2.Betty and Guy Beatty Center for Integrated Research, Inova Health System, Falls Church VA, United States.
3.University of Florida, Gainesville, FL, United States.
4. Texas Liver Institute, University of Texas Health Science Center, San Antonio, TX, United States.
5. Weill Cornell Medical College, New York, NY, United States.
6. Auckland City Hospital, Auckland, New Zealand.


Program abstract-
Background and aims: IFN causes substantial impairment of QoL. We compared PROs and QoL between IFN-free and IFN-containing-SOF regimens.

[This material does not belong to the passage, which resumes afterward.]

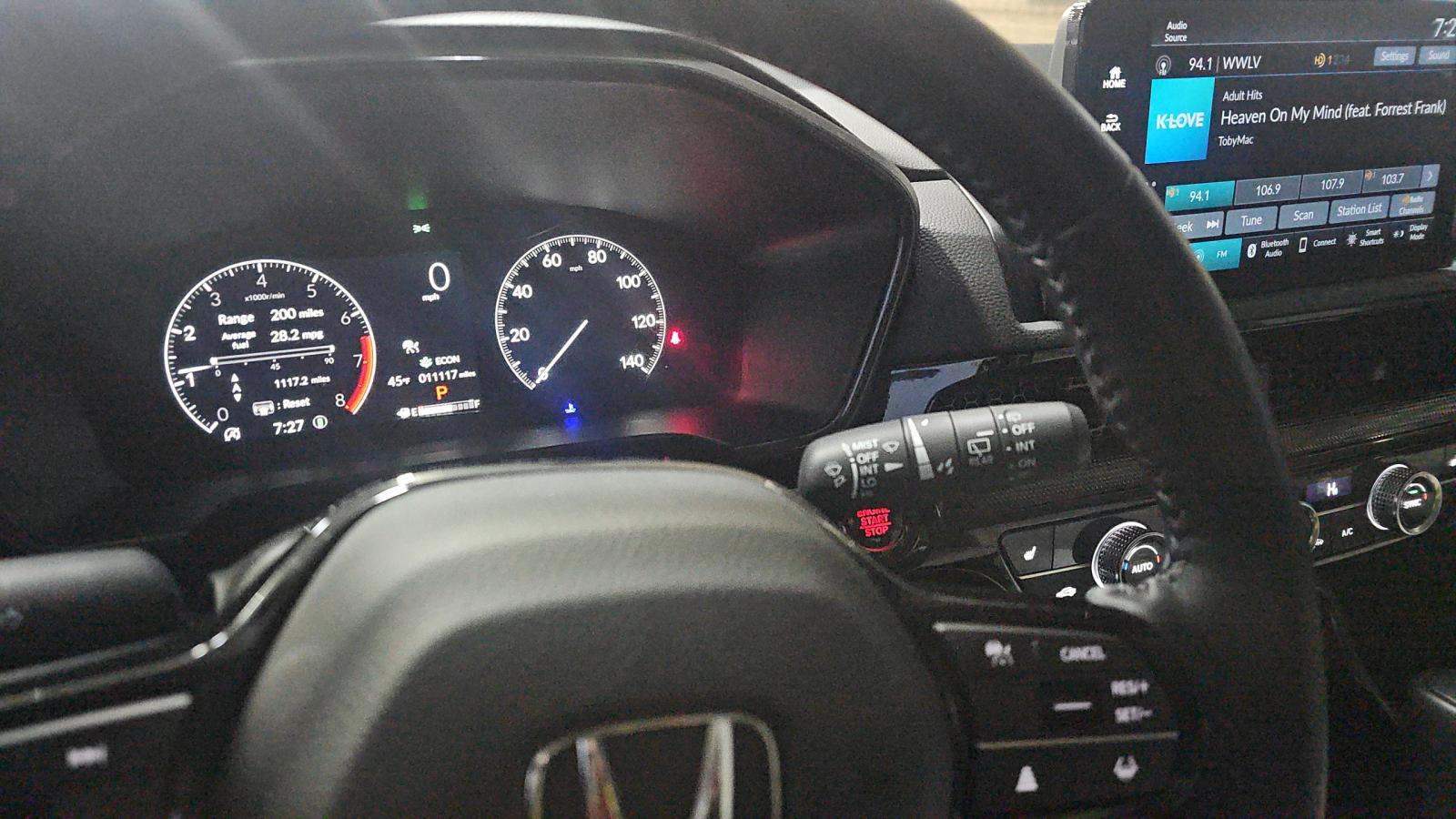 2025 Honda CR-V EX-L AWD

Methods: 525 patients receiving IFN+RBV+SOF (NEUTRINO) or RBV+SOF (FUSION) completed PRO questionnaires: CLDQ-HCV (QoL), FACIT-F (Fatigue) and WPAI-SHP (work productivity and activity). Subjects were blinded to virologic data.

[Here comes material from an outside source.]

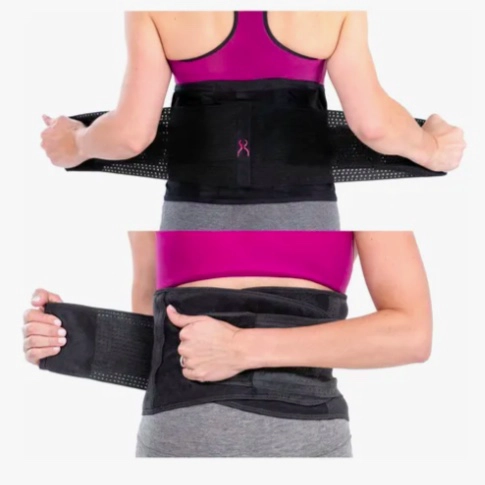 FAJA PARA CONTENCION Y COMPRESION DE POSTURA LUMBAR - 5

Results: Baseline depression/anxiety, insomnia and fatigue were similar between IFN-free or IFN-containing regimens (p>0.05). By the end-of-treatment, decrements in PRO scores were higher in those receiving IFN-regimen: physical well-being (decrement=18.9% IFN-based vs. 4.6% IFN-free, p< 0.0001), functional well-being (13.2% vs. 6.1%, p=0.0002), fatigue (19.4% vs. 2.7%, p< 0.0001), total-FACIT-F (12.2% vs. 2.4%, p< 0.0001), all domains of CLDQ-HCV (9.5% to 19.3% vs. 0.3% to -3.3%, p< 0.05), work productivity (23.2% vs. 5.7%, p=0.004) and activity impairment (22.2% vs. 6.5%, p=0.002). In multivariate analysis, predictors of poor PROs at baseline were depression (beta=-9.4 to -13.6%, p< 0.05) and fatigue (beta=-12.2 to -22.5%, p< 0.05). At the end-of-treatment, predictors of poor PROs included receiving IFN (beta=-4.7 to -13.2%, p< 0.05), depression (beta=-6.4 to -6.5%, p< 0.05), fatigue (beta=-10.9 to -16.5%, p< 0.05) and female gender (beta=-7.8 to -9.4%, p< 0.05). By follow-up week 12, predictors of poor PROs included depression, anxiety, fatigue and cirrhosis (p-values< 0.05). In subjects with SVR-12, predictors of residual PRO impairment included anxiety (beta=-5.4 to -7.0%, p< 0.05), depression (beta=-6.8 to -11.3%, p< 0.05), fatigue (beta=-8.0 to -12.4%, p< 0.05) and cirrhosis (beta=-4.4 to -11.8%, p< 0.05).
Conclusions: Fatigue and depression are the main drivers of PRO impairment. During treatment, IFN is another predictor of poor PROs.